One year after stopping the diet, children who had smooth transitions without seizure increases or medication changes were much more likely to still be seizure-free (65% of them) compared to children who had problems during the stopping process (only 30% of them). Interestingly, among children who had responded well to the diet, how fast they stopped it didn’t seem to matter as much as other factors.

The study found that children taking multiple seizure medications had harder times stopping the diet. Children whose brain wave tests showed problems before stopping the diet were also more likely to have seizures return. The length of time a child stayed on the diet seemed important—those on it longer generally had better outcomes when stopping.

This study adds to what doctors already know about stopping the ketogenic diet. Previous research suggested that stopping too quickly could cause problems, and this study supports that idea. However, this research shows that speed alone isn’t the whole story—other factors like how many medications a child takes and their brain wave patterns are equally or more important.

This study looked at records from the past, so doctors may not have recorded all information the same way. The study only included 57 children from one specialized center, so results might be different in other hospitals or countries. The study didn’t randomly assign children to different stopping methods, so we can’t say for certain that one method causes better outcomes than another. The researchers recommend that future studies should follow children forward in time and test different stopping strategies to find the best approach.

The Bottom Line

Based on this research, doctors should create personalized plans for stopping the ketogenic diet that consider: (1) how well the diet worked for each child, (2) the child’s brain wave test results, (3) how many seizure medications the child takes, and (4) stopping the diet slowly rather than quickly. These recommendations have moderate confidence because the study was well-designed but involved a limited number of children.

This research is most relevant for families of children with epilepsy who are on or considering the ketogenic diet, and for doctors who manage children with seizures. It’s particularly important for children whose seizures haven’t responded well to medications. This research may not apply to adults with epilepsy or children with the specific genetic condition GLUT1 deficiency.
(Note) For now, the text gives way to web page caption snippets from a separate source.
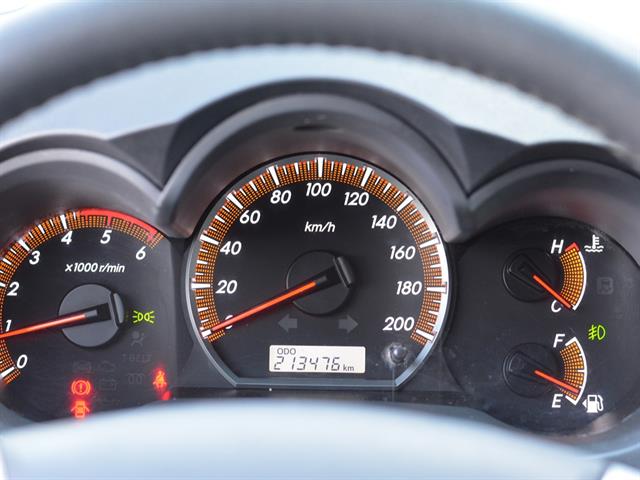TOYOTA HILUX CD D4-D 4X4 3.0 TDI DIES. MEC. 2013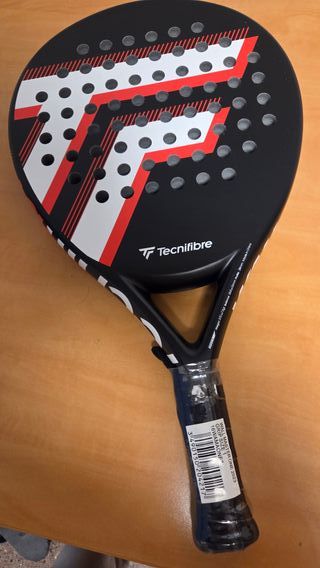 Pala de pádel Tecnifibre Wall Master One 2023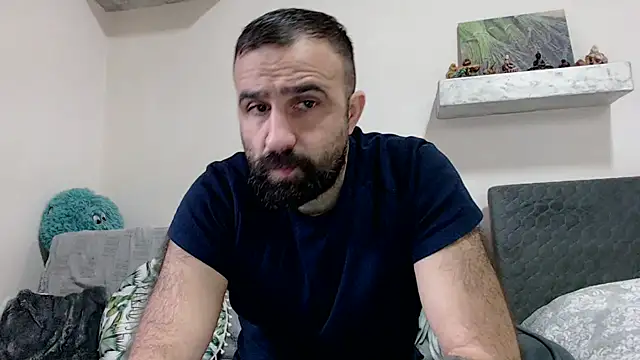 Snapshot of ivat80 chatting on December 20, 2024, 6:29 am ivat80 online show from December 20, 2024, 6:29 am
Based on this study, children who stop the diet smoothly may maintain seizure control within the first year. However, some children may experience seizure increases during the stopping process, which could take weeks to months depending on how slowly the diet is reduced.
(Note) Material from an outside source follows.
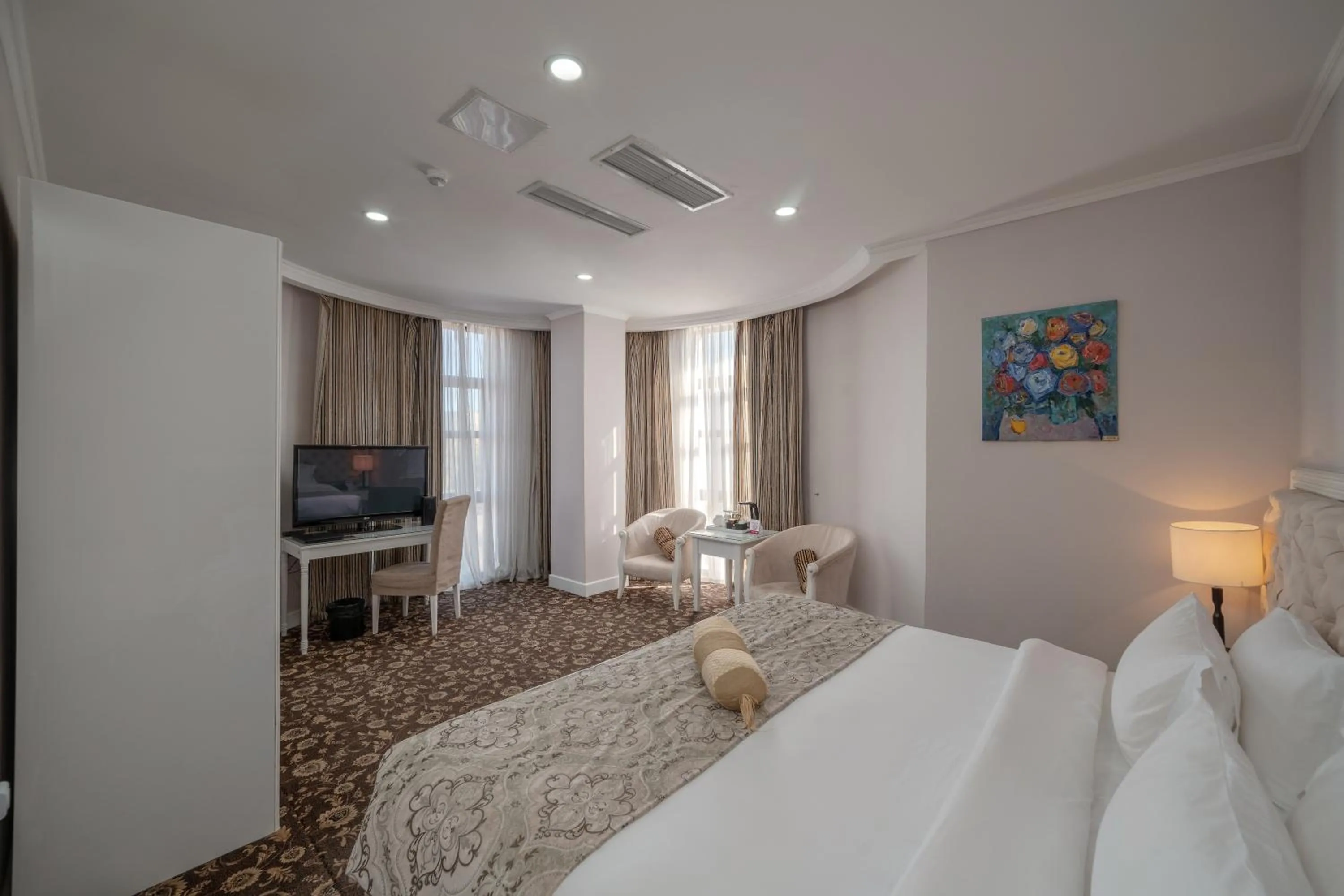 Bed in Jannat Regency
Want to Apply This Research?

  • Track daily seizure count and medication doses during the weaning period. Record the date, time, type of seizure, and any medication adjustments. Also note diet changes (percentage of ketogenic diet being followed) to see patterns between diet reduction and seizure activity.
  • Work with your doctor to create a slow, gradual weaning schedule rather than stopping the diet suddenly. Use the app to monitor your child’s seizures daily and share reports with your doctor at regular check-ins to adjust the weaning plan if needed.
  • Continue tracking seizures and medications for at least one year after stopping the diet. Set monthly reminders to review trends with your doctor. If seizures increase during weaning, the app can help document this so your doctor can decide whether to slow down the weaning process or adjust medications.

This research describes what happened in one study of 57 children and should not replace personalized medical advice from your child’s doctor. The ketogenic diet and how to stop it should only be managed under close medical supervision. If your child is on the ketogenic diet for seizures, talk with your epilepsy specialist before making any changes. Every child is different, and what works for one child may not work for another. This information is educational and not a substitute for professional medical diagnosis, treatment, or advice.